Graham Baba Architects recently completed Cowiche Canyon Kitchen and Icehouse Bar, a combination restaurant and attached bar in Yakima, Washington. The project occupies an important corner in downtown Yakima and is playing a big step in helping to revitalize Main Street and the downtown core.
The first half of the 20th-century was a time of growth and dignity for downtown Yakima. Presidents Roosevelt and Taft visited the emerging agricultural center where the main street featured fountains, grand theaters, and stately, multi-story brick-and-masonry buildings. By mid-century, however, most of these structures had been demolished to make way for parking lots as businesses struggled to keep their downtown relevant and residents fled to the suburbs.

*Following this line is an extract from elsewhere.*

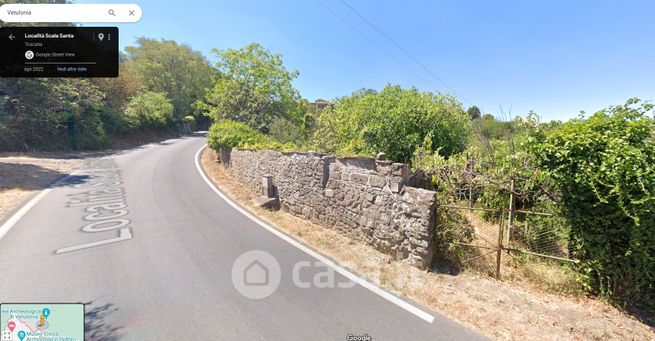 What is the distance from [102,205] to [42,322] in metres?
5.72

A local family with long-standing ties to the agricultural heritage of the region sought to counteract this decline by combining their interest in food with their desire to help revitalize downtown Yakima. They chose a site in the downtown core and created a restaurant and bar featuring local food and drink, setting their dream in motion. From the project's honest use of materials celebrating the agricultural vernacular and history of the valley to the synergies resulting from strategic placemaking, the project provides a much needed shot in the arm for civic renewal.
The two elements of the project-restaurant and bar-are conceived as distinct yet connected structures that weave together where they meet. The Icehouse Bar, a board-formed, cast-in-place concrete structure pulled tight to the sidewalk's edge, maintains the street facade established by the existing historic buildings. The Kitchen, essentially a timber-structured, glass-walled pavilion, is pulled back from the sidewalk to open up the corner via a small plaza with restaurant seating.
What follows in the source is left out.